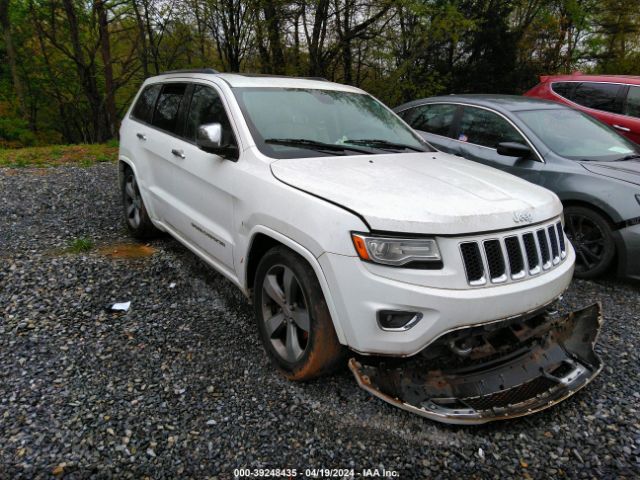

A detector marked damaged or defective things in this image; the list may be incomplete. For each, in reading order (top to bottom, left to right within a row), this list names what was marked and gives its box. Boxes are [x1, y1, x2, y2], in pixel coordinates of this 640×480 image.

damaged front bumper [348, 304, 604, 424]
detached bumper cover [348, 304, 604, 424]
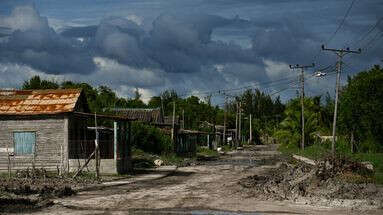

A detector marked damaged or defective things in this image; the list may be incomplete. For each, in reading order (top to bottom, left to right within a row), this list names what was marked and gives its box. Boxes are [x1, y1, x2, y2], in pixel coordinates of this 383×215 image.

rusty corrugated roof [0, 89, 83, 116]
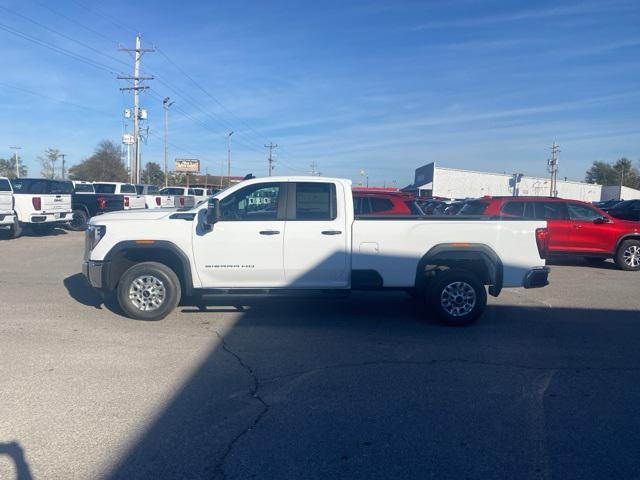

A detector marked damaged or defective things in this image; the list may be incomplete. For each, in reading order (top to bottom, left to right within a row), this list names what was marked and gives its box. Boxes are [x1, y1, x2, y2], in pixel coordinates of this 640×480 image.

pavement crack [211, 332, 268, 478]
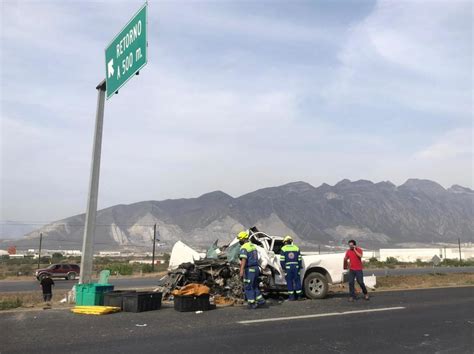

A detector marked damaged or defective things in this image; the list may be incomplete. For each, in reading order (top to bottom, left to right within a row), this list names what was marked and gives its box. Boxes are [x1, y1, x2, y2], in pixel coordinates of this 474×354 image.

wrecked white pickup truck [163, 228, 348, 300]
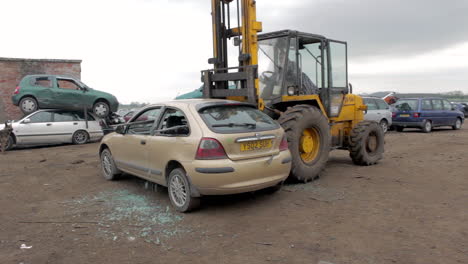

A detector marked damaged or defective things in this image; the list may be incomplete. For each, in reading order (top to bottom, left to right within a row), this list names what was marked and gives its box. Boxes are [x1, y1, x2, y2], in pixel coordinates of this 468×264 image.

crushed vehicle [0, 109, 104, 151]
crushed vehicle [11, 74, 119, 117]
crushed vehicle [392, 97, 464, 132]
crushed vehicle [98, 99, 290, 212]
damaged gold car [99, 99, 290, 212]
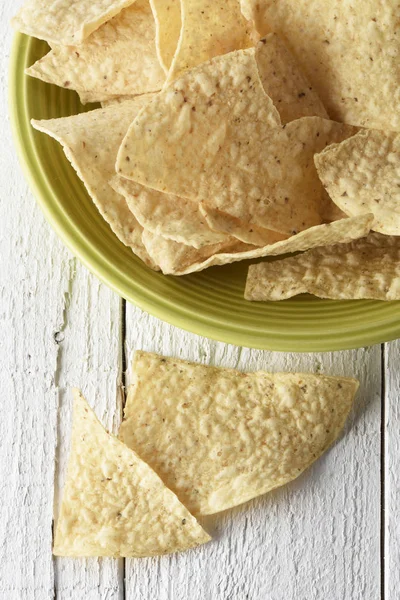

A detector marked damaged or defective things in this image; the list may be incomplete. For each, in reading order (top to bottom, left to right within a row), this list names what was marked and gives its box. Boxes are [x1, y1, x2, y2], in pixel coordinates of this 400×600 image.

broken chip [25, 0, 166, 101]
broken chip [316, 127, 400, 236]
broken chip [245, 233, 400, 302]
broken chip [54, 390, 212, 556]
broken chip [119, 352, 360, 516]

★ ★ ★ ★

### Work item
Nothing but the lines from the one containing "this 400×600 image." through the last line of the data above should be set down, word for word.

### Solved problem
A detector marked damaged or defective things in this image; the list may be incomplete. For each, in reading order (top to bottom, left to right within a row), this list names what was marked and gives its box. Boxes are [x1, y1, x2, y2], in pixel coordinates of this 400×600 image.

broken chip [25, 0, 166, 101]
broken chip [316, 127, 400, 236]
broken chip [245, 233, 400, 302]
broken chip [54, 390, 212, 556]
broken chip [119, 352, 360, 516]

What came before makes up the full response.